By now gin had replaced coffee which means that the answers to certain of our questions are not fully understood or later remembered. How had those bullets failed to pierce a vital organ and kill him? What had been the purpose behind the debagging? Where had he been jailed, and what was it like inside?
Fast forward fifty five years to the evening of Monday 24 January 2011. I am in my local, The Mitre, and I am telling my friends about the the delay in resuming my postgraduate Biography course at the University of Buckingham.
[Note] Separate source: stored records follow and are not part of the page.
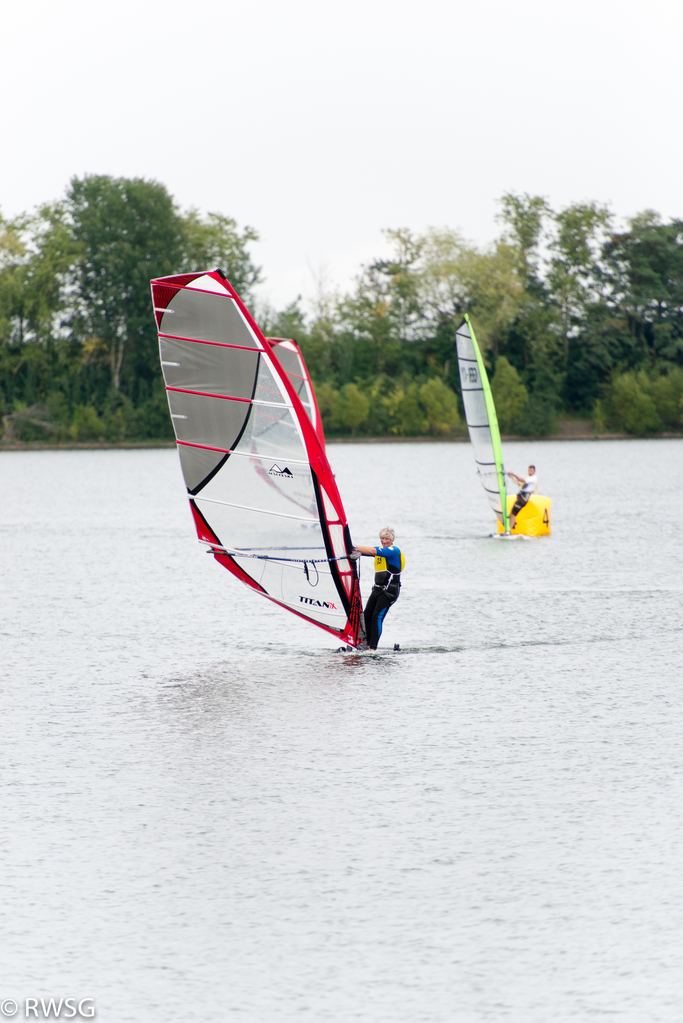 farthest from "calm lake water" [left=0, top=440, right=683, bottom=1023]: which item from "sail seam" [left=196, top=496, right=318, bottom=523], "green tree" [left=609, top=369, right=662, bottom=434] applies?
"green tree" [left=609, top=369, right=662, bottom=434]

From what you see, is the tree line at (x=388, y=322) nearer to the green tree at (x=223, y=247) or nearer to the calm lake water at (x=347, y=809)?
the green tree at (x=223, y=247)

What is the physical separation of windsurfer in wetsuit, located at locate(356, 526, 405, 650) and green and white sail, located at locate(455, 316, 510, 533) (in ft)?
37.3

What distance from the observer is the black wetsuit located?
11922mm

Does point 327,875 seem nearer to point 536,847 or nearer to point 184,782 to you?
point 536,847

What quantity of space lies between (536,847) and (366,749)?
235cm

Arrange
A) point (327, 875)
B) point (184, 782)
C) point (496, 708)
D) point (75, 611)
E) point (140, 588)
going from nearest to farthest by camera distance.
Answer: point (327, 875)
point (184, 782)
point (496, 708)
point (75, 611)
point (140, 588)

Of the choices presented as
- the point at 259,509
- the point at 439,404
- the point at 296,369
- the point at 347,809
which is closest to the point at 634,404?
the point at 439,404

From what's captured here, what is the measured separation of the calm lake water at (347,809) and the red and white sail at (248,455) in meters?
1.02

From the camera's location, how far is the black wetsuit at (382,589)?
469 inches

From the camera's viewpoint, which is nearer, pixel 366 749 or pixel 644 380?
pixel 366 749

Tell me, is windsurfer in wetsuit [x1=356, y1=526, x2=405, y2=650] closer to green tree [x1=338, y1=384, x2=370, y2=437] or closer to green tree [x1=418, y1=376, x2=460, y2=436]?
green tree [x1=418, y1=376, x2=460, y2=436]

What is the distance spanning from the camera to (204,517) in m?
12.3

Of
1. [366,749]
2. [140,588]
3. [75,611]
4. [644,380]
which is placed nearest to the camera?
[366,749]

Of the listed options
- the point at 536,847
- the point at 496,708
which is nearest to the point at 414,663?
the point at 496,708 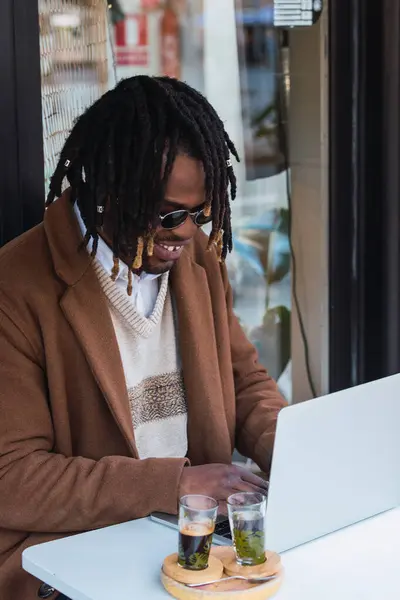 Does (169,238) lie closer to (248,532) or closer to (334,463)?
(334,463)

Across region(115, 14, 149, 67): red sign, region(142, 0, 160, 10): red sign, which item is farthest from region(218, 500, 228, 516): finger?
region(142, 0, 160, 10): red sign

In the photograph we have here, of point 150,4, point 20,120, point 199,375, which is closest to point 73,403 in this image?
point 199,375

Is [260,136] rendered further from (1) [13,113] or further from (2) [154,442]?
(2) [154,442]

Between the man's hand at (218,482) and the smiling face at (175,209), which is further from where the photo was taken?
the smiling face at (175,209)

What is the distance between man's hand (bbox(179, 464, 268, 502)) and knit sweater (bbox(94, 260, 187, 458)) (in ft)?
0.87

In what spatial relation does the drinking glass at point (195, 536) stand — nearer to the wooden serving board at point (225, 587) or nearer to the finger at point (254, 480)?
the wooden serving board at point (225, 587)

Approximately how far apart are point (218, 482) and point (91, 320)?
39 centimetres

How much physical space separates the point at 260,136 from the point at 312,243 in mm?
416

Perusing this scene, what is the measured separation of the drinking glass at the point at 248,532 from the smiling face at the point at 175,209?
607 mm

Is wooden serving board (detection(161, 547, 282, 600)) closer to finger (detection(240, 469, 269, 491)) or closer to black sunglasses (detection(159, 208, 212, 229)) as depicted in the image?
finger (detection(240, 469, 269, 491))

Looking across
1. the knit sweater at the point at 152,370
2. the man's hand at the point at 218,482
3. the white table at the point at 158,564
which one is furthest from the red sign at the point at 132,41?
the white table at the point at 158,564

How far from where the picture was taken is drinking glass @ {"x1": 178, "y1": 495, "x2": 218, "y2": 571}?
1504mm

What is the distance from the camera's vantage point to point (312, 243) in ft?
10.9

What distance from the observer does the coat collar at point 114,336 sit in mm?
1931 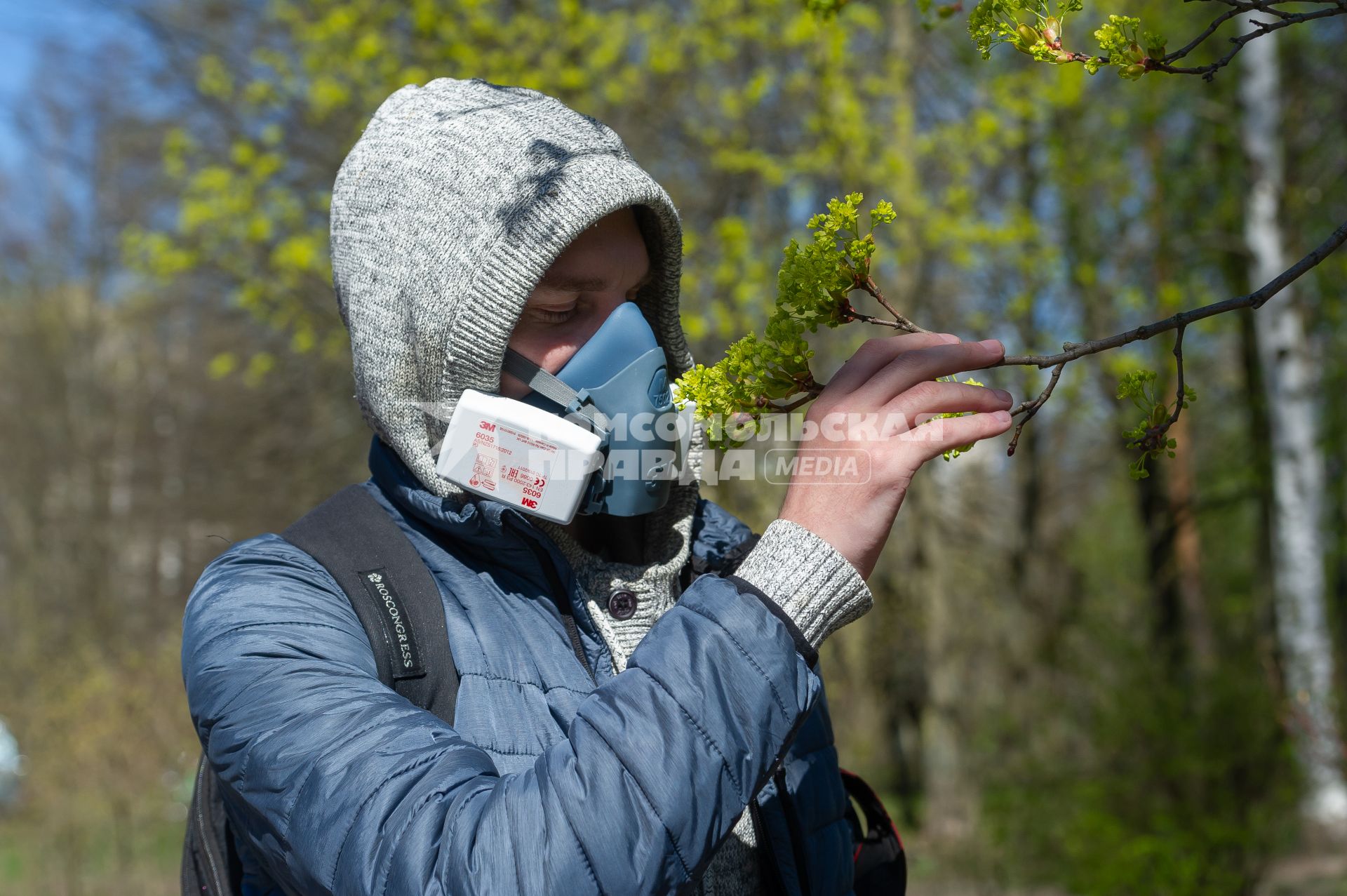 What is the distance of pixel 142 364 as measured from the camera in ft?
62.4

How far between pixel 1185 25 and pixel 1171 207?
5.09 ft

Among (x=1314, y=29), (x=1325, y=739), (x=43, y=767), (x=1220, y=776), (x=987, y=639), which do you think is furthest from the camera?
(x=987, y=639)

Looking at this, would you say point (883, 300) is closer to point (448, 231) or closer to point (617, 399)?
point (617, 399)

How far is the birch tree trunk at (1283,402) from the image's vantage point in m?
6.64

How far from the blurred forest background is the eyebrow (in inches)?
156

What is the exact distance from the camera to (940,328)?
830cm

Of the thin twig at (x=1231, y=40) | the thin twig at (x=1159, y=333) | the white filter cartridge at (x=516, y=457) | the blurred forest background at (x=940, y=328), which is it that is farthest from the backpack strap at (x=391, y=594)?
the blurred forest background at (x=940, y=328)

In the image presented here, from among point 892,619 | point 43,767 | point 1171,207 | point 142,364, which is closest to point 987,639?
point 892,619

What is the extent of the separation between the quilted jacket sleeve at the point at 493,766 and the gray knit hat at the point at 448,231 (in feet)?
1.41

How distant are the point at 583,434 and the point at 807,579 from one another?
492 millimetres

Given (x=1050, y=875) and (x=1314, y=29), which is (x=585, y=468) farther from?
(x=1314, y=29)

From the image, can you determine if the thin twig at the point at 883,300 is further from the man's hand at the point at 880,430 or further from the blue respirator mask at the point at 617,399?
the blue respirator mask at the point at 617,399

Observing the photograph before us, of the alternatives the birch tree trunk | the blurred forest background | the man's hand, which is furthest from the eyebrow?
the birch tree trunk

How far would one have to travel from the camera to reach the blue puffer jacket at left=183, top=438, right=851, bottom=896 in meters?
→ 1.04
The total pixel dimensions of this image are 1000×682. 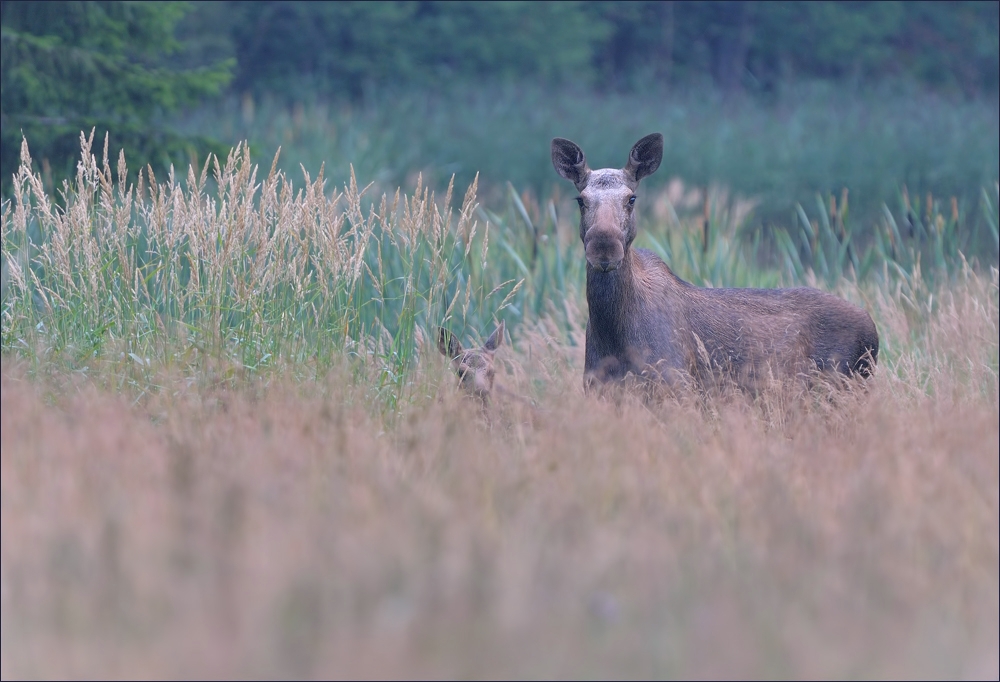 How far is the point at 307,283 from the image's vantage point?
233 inches

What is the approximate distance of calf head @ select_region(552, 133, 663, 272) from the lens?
5.43 meters

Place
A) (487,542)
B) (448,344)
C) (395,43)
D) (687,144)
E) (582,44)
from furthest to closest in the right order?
1. (582,44)
2. (395,43)
3. (687,144)
4. (448,344)
5. (487,542)

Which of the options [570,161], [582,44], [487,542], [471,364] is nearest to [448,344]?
[471,364]

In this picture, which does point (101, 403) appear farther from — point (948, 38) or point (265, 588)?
point (948, 38)

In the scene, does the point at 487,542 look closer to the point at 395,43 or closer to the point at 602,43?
the point at 395,43

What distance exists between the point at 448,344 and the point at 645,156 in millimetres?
1523

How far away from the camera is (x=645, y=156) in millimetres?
6418

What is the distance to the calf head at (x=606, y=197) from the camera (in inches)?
214

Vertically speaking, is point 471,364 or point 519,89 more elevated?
point 471,364

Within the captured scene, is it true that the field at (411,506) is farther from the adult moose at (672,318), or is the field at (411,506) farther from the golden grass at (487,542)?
the adult moose at (672,318)

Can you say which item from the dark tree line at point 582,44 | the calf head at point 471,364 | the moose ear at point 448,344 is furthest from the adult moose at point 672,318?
the dark tree line at point 582,44

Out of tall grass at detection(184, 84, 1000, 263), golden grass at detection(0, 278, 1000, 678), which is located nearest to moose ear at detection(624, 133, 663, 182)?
golden grass at detection(0, 278, 1000, 678)

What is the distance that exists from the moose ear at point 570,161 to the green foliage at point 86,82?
479 cm

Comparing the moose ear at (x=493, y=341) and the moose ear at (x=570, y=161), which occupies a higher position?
the moose ear at (x=570, y=161)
"I've explained to them why the topic I chose for my thesis last summer is now not feasible and they don't like my proposal to write about the journey to Rome made by Anglo-Saxons before the Norman Conquest: they say it would be insufficiently biographical. I'm now hoping that they'll agree to my writing about just one of them, that's Archbishop Sigeric: he's the only one who left a detailed account of his journey."
"Just a moment," says one of my friends, a retired professor, "You're still putting the emphasis upon a journey rather a person. I don't think they'll accept this proposal either: it's not biographical enough. Why not write about someone entirely different? Tell me, who's the most interesting person you've ever met in your life? Whoever it is, write about him!"
I spin my mental Rolodex: hundreds, nay thousands, of images flash past in a nanosecond: the device stops at the card with the picture of the monocled and moustachio'd warrior I had met half a century before.
"Colonel Wintle", I say, and I tell them the stories that I had heard in that pub and that house in Kent.
 This date needs confirming by reference to my RAF Pilots Log Book, in the attic
 This name has been changed. Surviving friends from those years will know his real name.